TÜBİTAK’taki görevim kapsamında Türkiye’nin AB Altıncı Çerçeve Programlarına katılımının AB nezdinde müzakere ekibinde yer almak, Teknoloji Öngörüsü ve Bilim ve Teknoloji Politikası oluşturma sürecinde Vizyon-2023 Projesini koordine etmek, ODTÜ Kuzey Kıbrıs Kampüsündeki görevim çerçevesinde bütçe ve çeşitli yönetmelik ve yönergeleri hazırlamak gibi çalışmaları hep Makina Mühendisliği eğitiminde kazandığım bilgi ve becerilerle yürüttüm. Aklımda kalan diğer ilgi alanlarıma hitap ettiğinden olsa gerek, son derece de keyif aldım. Üniversite giriş aşamasındaki yakınlarıma hep bu örnekleri vererek, şu an olgunlaşmış bir tercihleri yoksa ileride eğilimlerine göre tekrar seçim şanslarının olacağı makina mühendisliği tavsiyesinde bulunmuşumdur.
ODTÜ Makina Mühendisliği Bölümündeki eğitim hayatınızdan, sizde etkileri olan olaylar ve kişilerden, akademisyen olmaya nasıl karar verdiğinizden de bahseder misiniz?

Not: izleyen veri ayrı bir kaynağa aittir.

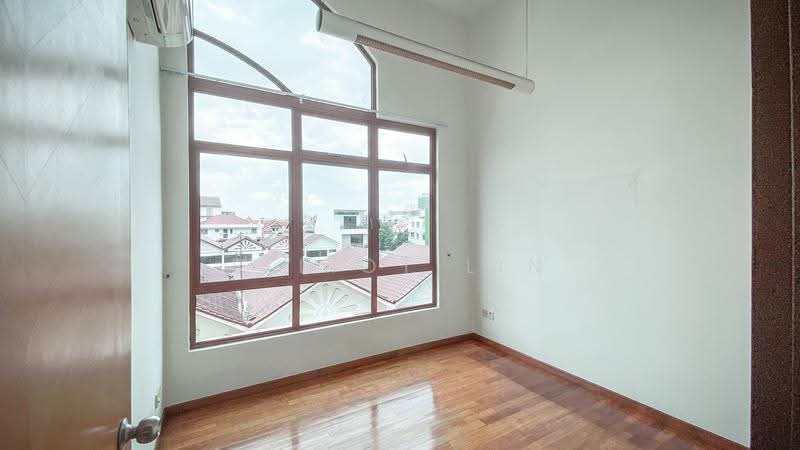 Seraya Breeze, 3 Seraya Road, East Coast / Marine Parade, 2 Bedrooms, 764 sqft, Apartment For Rent, by Elliot Lin, 24046173 - PropertyGuru.com.sg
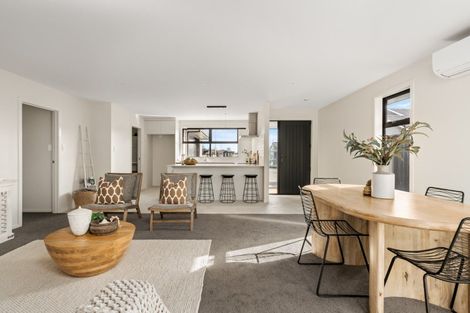 Photo of property in 39 Hammick Crescent, Pyes Pa, 3112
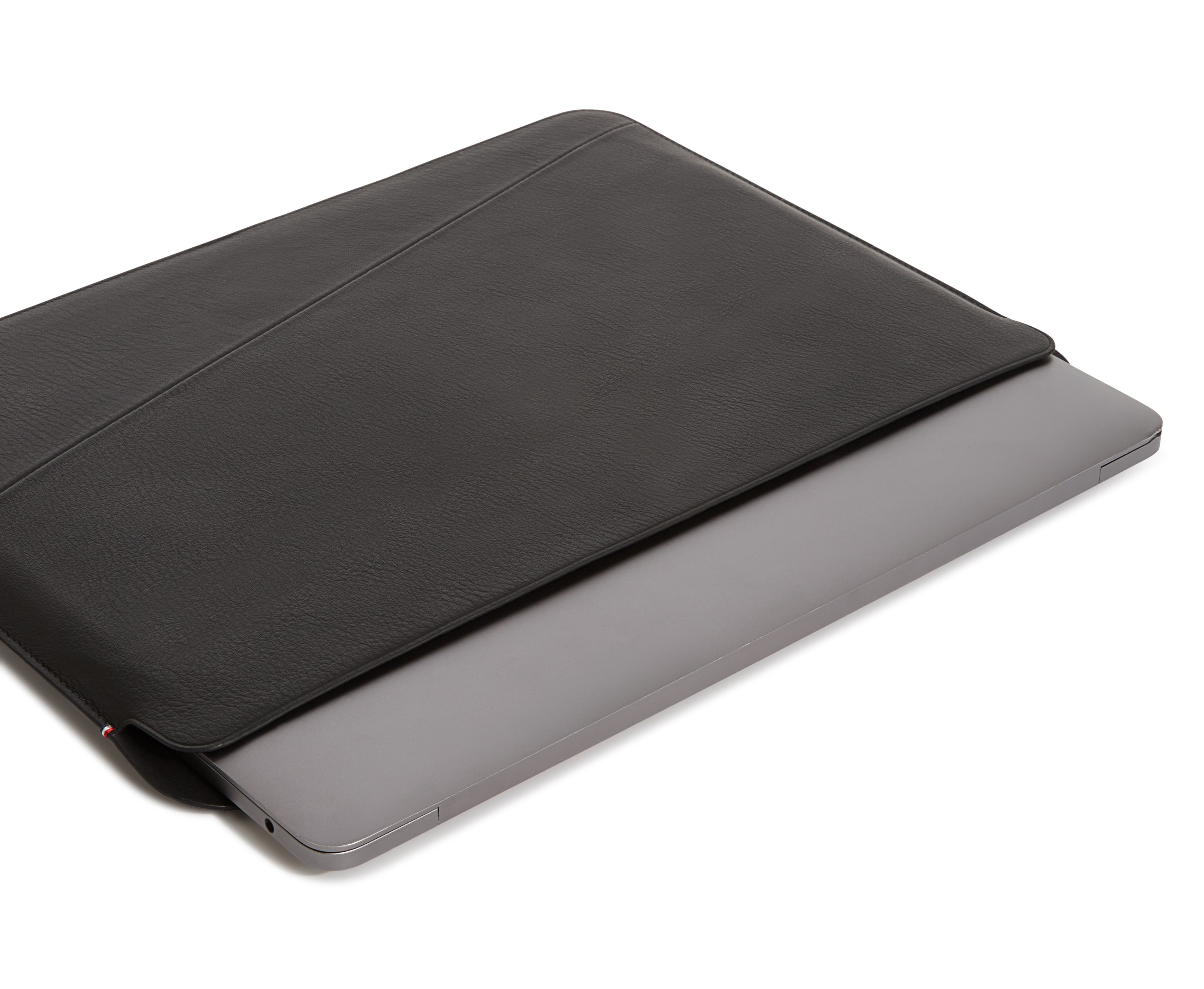 Decoded Leather Frame Sleeve for Macbook 13 inch black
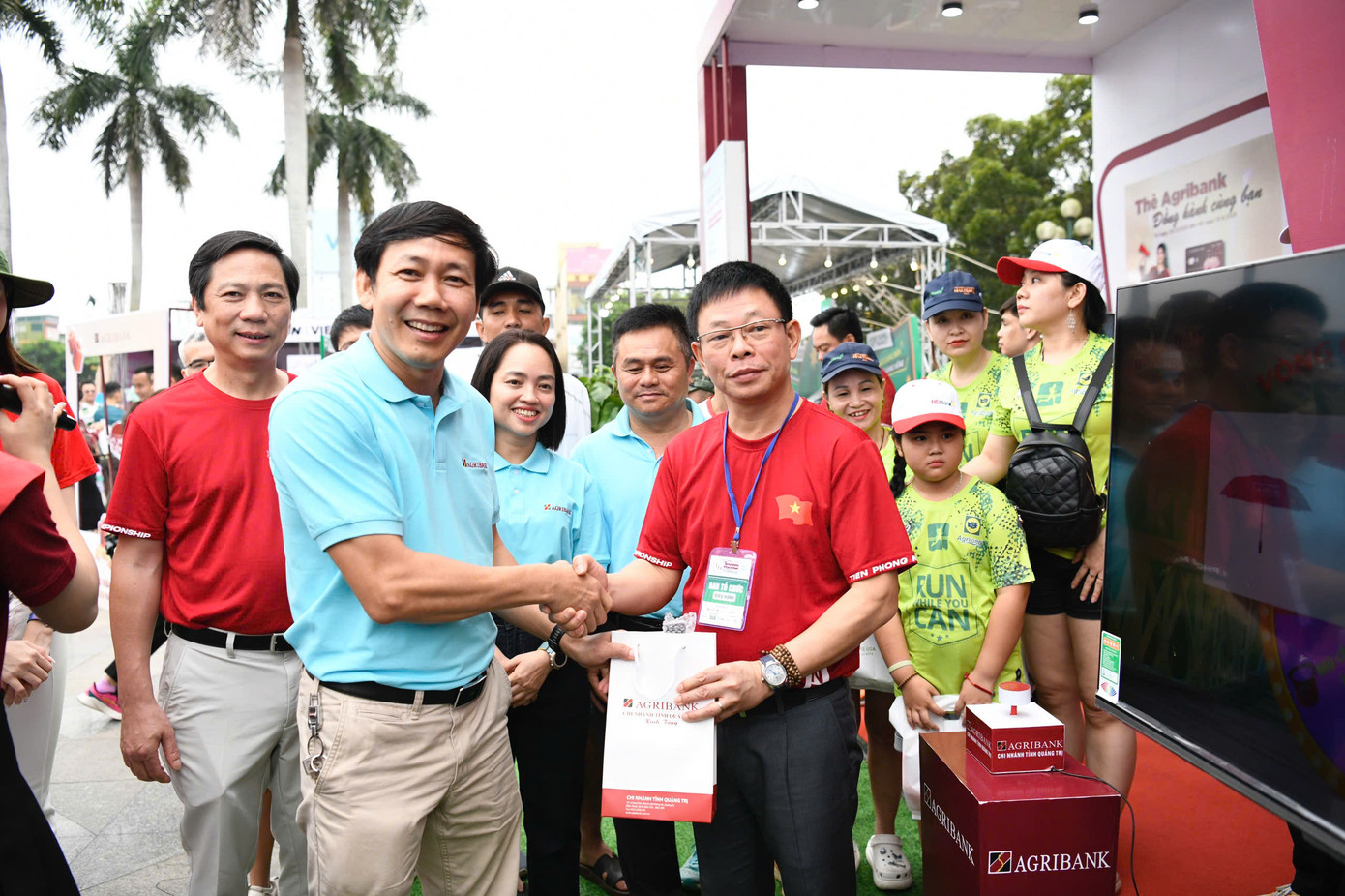 Agribank là nhà tài trợ Kim cương của Tiền Phong Marathon 2025. Đây là năm thứ 11 Agribank đồng hành cùng chuỗi hoạt động ý nghĩa của giải đấu.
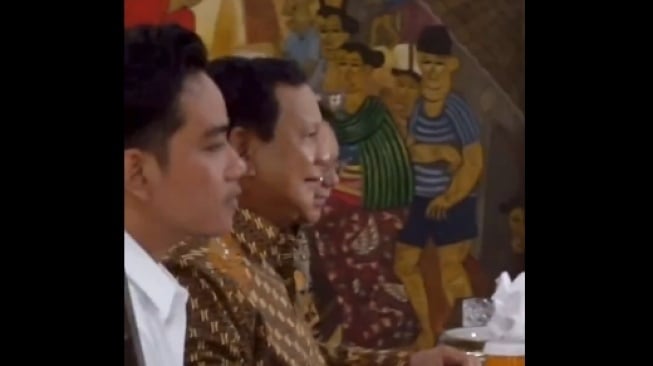 Pertemuan Bahas Skandal Fufufafa? Ekspresi Gibran Duduk Satu Meja Bareng Jokowi dan Prabowo jadi Sorotan!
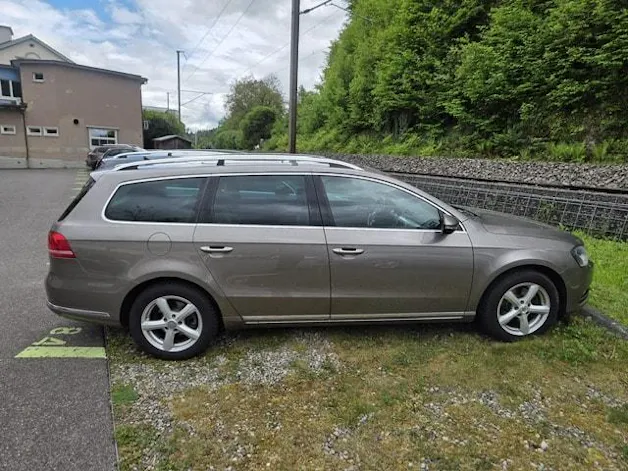 VW PASSAT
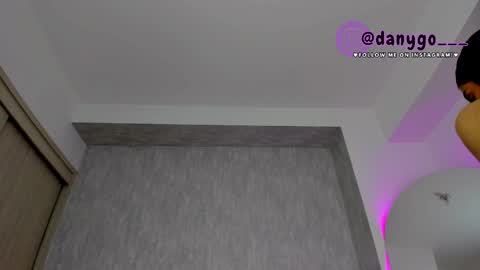 Zariana online show from March 1, 10:53 pm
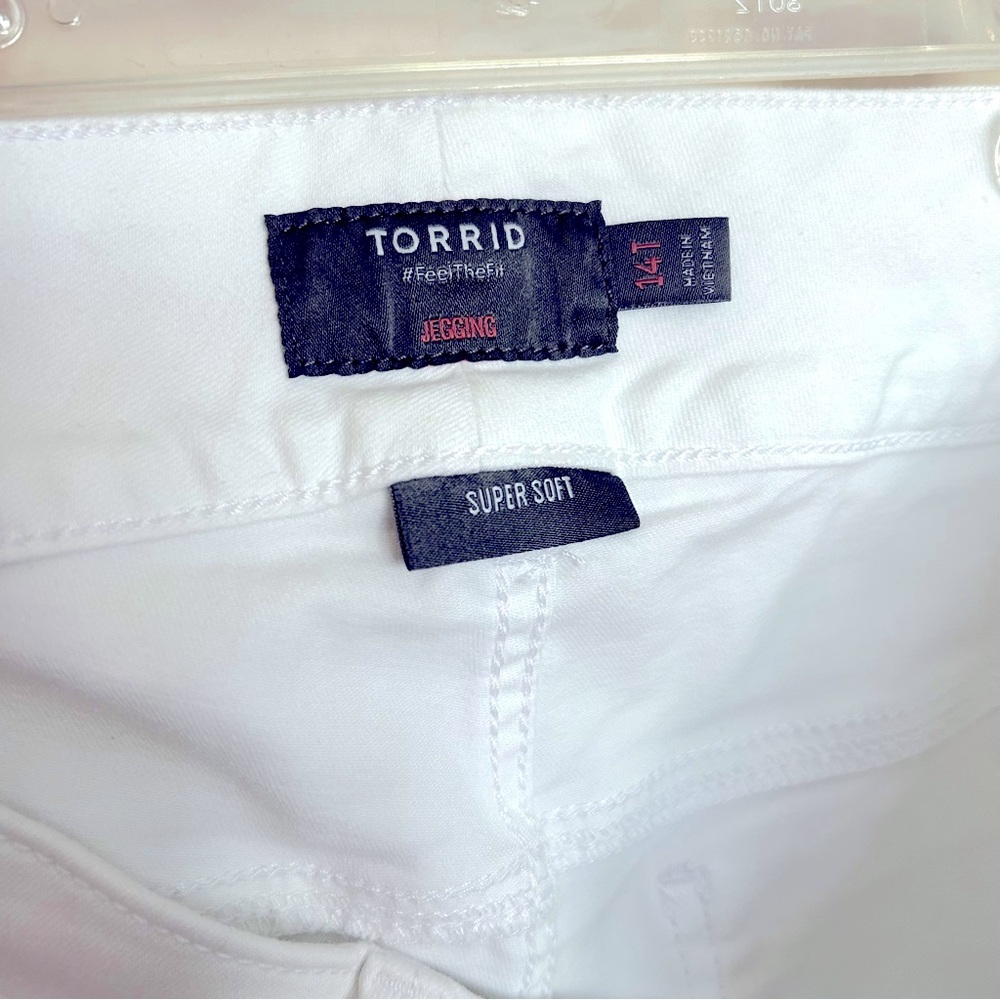 Torrid Feel The Fit 3-Button Women's White Super Soft Jeans Jegging - Picture 2 of 8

ODTÜ’nün ve Makina Mühendisliği Bölümünün yaşamımı şekillendiren çok yönlü katkıları oldu. Bir yandan giderek ısındığım derslerden her an yeni bilgiler edinirken, diğer yandan toplumsal konularda kitaplar okumaya, ülkemin sorunları ve geleceği ile ilgili düşünmeye başlamıştım. 68 Kuşağının en hareketli yıllarını ODTÜ’de yaşamış bir öğrenci olarak Komer’in arabasının yakılması dahil, 68-71 yılları arasındaki olaylara bizzat şahit oldum. 71 Muhtırası ile tüm okullar kapanınca ailem beni apar topar Tokat’a gönderdi ve eğitime tekrar başlayıncaya kadar günlerimi bağda bol bol kitap okuyarak geçirdim.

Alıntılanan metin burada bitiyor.